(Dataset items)

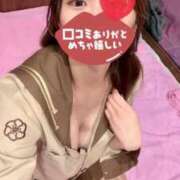 ヒメ日記 2025/03/01 11:53 投稿 美園 さいか スタイル抜群Hカッ ファーストクラス ルビー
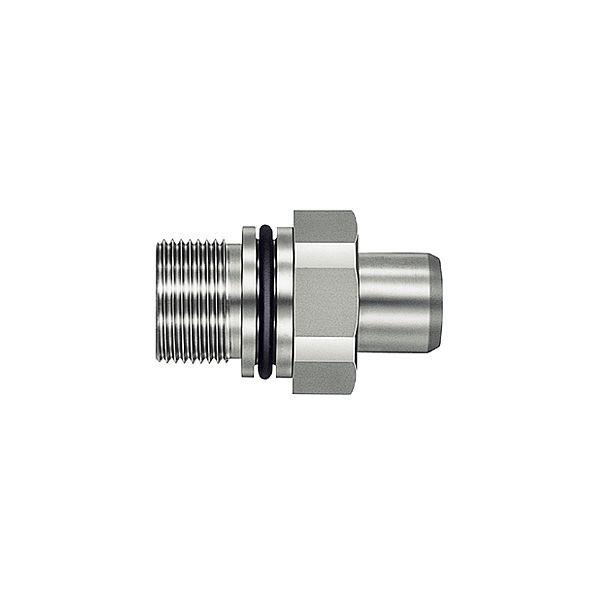日東工器 MAT-8P X100 SUS マルチカプラ MAT8PX100SUS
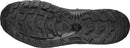 Salomon XA Forces 8 GTX EN Tactical Boot | Black | L41206000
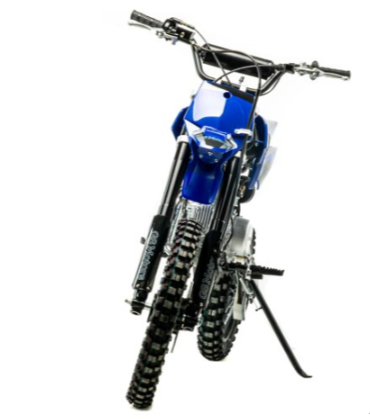 Питбайк MOTOLAND (МОТОЛЕНД) GS Motors S14 17/14 в Чите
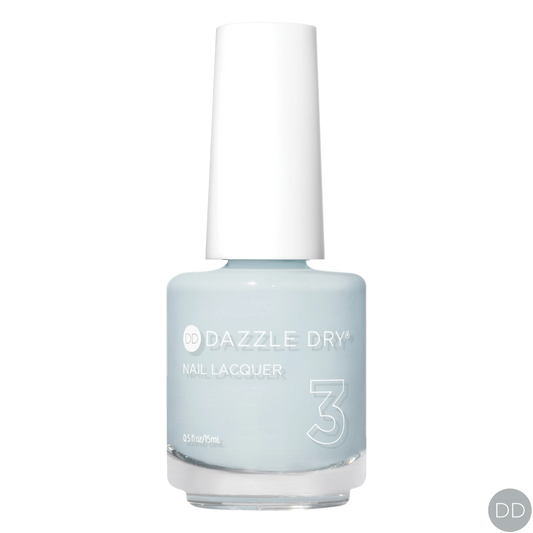 Dazzle Dry Australia & New Zealand CHECKMATE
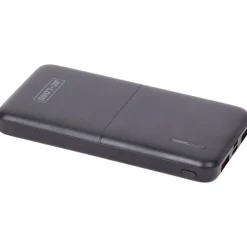 Re-load Powerbank Zwart Clearance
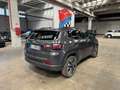 Jeep Compass Compass II 2021 1.6 mjt Limited 2wd 130cv Grigio - thumbnail 5
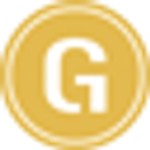 tGOLD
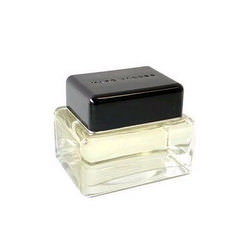 香水（メンズ） マークジェイコブス 人気ブランドランキング2026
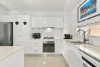 13/29 Alpha Street, Taringa, Qld 4068-Image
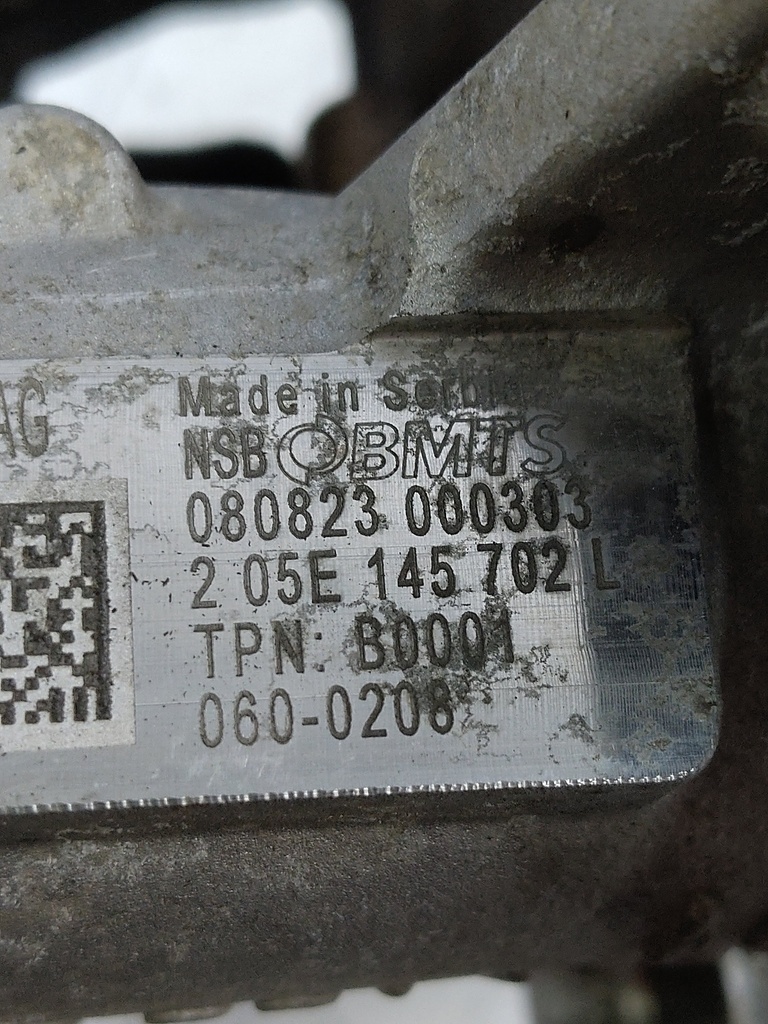 MTD-530818-4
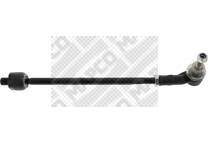 Rod Assembly
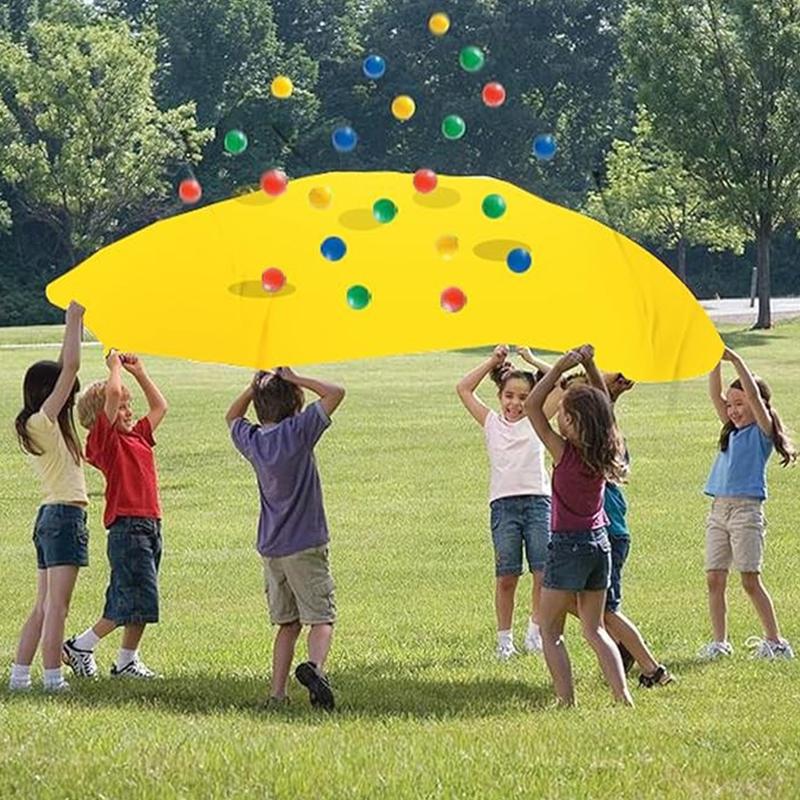 Nuovo Gioco di Lancio della Pa - Party Supplies recensione e prezzo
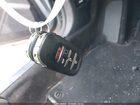 2023 Honda Accord Ex Серебряный vin: 1HGCY1F37PA044452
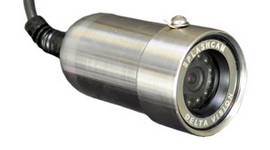 delta-vision--underwater-video-camera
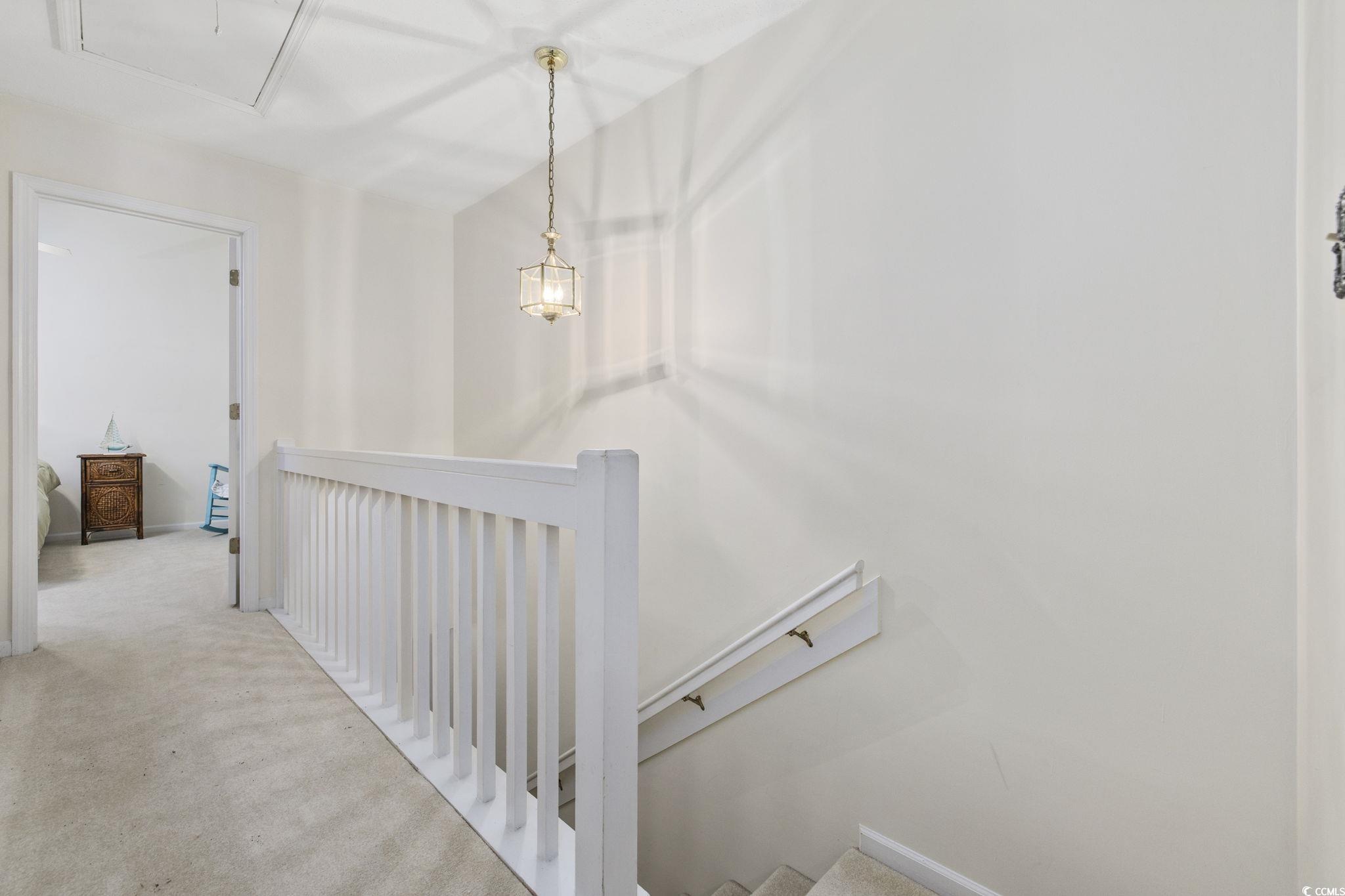 611 13th Avenue North, Unit 175 Surfside Beach, SC 29575 - Photo 21 of 31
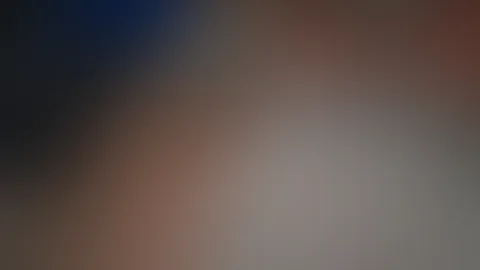 Komm den Sonntag ausklingen 👀🤞🏼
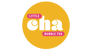 logo Little Cha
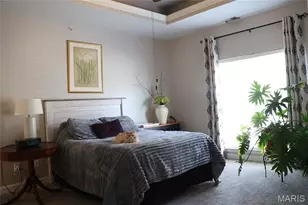 885 Forest Ave, Valley Park, MO 63088 - Photo 20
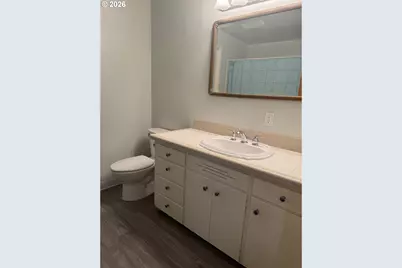 260 Susan St, Eugene, OR 97404 - Photo 14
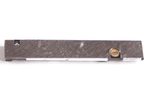 H000026160 Toshiba Webcam Camera C675-S7104 C675-S7106 C675-S7103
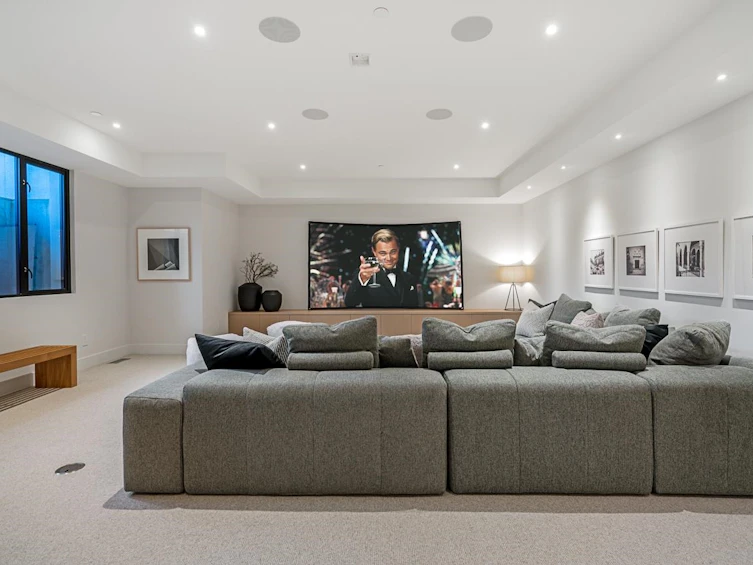 1015 Greenwood Place, West Vancouver, BC, V7S 1X9 - 16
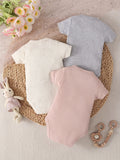 https://img.kwcdn.com/product/fancy/fe7a40ca-9b2e-4422-9f51-112d008d1c8f.jpg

### Work task:
Your copy should begin at the line containing "1015 Greenwood Place, West" and end at the last line of the data above, matching each line exactly and holding no pictures.

### Task result:
 1015 Greenwood Place, West Vancouver, BC, V7S 1X9 - 16
 https://img.kwcdn.com/product/fancy/fe7a40ca-9b2e-4422-9f51-112d008d1c8f.jpg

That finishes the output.